**Instructions for the task**
Sort through the entries below and pull out lines containing the word "Home".
--- Dataset records ---
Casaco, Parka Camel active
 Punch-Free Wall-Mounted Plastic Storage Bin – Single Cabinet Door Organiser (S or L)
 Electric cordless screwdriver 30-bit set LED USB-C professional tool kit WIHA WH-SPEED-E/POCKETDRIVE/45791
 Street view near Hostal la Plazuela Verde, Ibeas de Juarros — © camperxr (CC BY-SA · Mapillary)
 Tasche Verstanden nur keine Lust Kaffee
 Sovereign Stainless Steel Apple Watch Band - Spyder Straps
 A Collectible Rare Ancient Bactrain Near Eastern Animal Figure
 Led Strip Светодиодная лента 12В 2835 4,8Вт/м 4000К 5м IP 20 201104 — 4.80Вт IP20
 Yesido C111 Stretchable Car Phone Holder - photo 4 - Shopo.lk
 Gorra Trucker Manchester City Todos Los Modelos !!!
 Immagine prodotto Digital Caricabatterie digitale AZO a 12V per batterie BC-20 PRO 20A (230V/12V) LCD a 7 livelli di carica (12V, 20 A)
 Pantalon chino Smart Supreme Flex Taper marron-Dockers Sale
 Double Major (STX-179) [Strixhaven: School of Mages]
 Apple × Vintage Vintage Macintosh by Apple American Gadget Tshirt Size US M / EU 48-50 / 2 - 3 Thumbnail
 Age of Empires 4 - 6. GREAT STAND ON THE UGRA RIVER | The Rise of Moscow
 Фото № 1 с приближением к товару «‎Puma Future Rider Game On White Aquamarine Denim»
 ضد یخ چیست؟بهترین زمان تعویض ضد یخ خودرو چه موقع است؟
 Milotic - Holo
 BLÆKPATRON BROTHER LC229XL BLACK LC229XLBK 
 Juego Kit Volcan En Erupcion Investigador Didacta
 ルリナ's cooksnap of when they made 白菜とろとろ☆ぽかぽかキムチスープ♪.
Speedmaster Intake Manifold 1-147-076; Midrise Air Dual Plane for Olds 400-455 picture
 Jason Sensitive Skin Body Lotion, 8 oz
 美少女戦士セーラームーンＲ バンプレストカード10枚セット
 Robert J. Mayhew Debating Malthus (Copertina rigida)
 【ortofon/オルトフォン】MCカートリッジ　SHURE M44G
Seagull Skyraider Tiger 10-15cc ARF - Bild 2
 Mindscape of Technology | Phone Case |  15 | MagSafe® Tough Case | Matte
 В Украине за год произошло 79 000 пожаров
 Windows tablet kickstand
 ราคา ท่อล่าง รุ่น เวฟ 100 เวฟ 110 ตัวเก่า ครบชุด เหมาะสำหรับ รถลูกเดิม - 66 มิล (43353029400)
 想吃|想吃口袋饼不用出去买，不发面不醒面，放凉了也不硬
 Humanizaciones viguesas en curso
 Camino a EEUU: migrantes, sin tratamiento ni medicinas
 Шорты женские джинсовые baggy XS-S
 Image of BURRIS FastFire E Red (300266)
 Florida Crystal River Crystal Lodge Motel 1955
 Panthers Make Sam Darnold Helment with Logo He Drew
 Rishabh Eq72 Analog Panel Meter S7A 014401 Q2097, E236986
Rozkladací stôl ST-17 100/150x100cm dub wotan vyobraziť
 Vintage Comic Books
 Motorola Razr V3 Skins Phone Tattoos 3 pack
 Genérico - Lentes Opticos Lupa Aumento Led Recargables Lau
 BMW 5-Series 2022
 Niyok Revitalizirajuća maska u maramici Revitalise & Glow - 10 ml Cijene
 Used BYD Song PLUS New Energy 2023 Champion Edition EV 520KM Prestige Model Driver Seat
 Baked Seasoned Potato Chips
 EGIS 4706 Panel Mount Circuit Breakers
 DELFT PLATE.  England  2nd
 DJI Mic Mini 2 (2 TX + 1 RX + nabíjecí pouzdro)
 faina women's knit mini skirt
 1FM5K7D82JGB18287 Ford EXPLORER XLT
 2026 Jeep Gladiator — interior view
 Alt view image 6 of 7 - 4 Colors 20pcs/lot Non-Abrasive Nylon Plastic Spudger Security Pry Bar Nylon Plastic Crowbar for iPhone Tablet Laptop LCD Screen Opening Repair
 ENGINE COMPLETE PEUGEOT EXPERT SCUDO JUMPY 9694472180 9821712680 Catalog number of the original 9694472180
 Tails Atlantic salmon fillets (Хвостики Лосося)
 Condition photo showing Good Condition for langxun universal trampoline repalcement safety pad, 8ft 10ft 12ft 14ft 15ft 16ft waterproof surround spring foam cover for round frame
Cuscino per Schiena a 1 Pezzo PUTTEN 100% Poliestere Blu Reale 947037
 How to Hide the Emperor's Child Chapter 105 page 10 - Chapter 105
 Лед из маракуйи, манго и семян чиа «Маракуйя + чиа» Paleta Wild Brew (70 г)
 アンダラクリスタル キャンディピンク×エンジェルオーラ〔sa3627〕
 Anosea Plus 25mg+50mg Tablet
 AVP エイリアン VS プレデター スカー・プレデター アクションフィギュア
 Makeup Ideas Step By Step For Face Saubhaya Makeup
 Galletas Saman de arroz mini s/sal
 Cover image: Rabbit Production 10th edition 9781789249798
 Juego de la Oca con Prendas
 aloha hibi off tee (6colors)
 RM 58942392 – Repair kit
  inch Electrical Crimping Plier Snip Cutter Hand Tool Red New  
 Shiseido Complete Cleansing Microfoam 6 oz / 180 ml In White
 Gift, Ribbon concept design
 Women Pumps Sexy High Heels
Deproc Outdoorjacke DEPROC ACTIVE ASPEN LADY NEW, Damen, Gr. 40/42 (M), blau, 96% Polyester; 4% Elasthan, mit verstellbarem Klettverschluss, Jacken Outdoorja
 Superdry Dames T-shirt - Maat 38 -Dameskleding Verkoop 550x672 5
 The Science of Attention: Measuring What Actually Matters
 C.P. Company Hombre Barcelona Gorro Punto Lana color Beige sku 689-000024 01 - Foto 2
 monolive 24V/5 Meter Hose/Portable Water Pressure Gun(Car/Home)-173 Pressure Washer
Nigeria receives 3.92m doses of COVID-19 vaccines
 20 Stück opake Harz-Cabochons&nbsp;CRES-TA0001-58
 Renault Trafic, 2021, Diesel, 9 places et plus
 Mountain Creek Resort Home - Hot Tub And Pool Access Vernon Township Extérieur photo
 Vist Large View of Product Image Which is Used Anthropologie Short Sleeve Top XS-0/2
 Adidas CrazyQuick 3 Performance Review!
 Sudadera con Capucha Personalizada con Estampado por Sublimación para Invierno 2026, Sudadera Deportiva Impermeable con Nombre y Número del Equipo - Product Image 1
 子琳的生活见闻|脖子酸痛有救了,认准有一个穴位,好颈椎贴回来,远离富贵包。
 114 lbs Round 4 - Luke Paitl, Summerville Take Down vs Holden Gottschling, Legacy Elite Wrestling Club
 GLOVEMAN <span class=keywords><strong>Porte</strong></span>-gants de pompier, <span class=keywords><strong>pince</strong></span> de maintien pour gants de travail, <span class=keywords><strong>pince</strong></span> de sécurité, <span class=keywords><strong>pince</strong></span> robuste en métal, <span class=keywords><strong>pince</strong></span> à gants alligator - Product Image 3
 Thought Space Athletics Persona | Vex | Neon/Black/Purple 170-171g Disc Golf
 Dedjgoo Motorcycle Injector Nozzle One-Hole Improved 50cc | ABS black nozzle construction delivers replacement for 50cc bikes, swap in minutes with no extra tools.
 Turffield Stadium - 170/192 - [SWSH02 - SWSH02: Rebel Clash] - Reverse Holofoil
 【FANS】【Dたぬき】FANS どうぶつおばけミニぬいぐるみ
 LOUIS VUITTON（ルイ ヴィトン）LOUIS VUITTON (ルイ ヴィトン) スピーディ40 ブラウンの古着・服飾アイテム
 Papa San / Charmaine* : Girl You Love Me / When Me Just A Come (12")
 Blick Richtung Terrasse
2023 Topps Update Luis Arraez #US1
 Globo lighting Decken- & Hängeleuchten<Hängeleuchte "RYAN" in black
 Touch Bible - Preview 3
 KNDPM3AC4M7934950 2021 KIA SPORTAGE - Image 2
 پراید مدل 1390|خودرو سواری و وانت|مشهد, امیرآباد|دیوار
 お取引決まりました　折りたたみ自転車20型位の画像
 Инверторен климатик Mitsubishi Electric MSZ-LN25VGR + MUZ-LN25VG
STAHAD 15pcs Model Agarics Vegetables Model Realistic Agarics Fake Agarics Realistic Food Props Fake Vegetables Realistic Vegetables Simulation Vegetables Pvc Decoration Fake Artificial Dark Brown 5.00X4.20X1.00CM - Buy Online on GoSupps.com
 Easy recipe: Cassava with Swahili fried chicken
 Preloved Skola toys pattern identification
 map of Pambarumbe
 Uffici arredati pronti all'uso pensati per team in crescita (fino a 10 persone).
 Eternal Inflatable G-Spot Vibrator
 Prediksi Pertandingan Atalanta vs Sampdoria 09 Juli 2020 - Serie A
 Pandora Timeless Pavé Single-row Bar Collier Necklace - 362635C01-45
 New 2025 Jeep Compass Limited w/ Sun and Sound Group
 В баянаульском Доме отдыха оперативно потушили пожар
---
**Response to this task**
 monolive 24V/5 Meter Hose/Portable Water Pressure Gun(Car/Home)-173 Pressure Washer
 Mountain Creek Resort Home - Hot Tub And Pool Access Vernon Township Extérieur photo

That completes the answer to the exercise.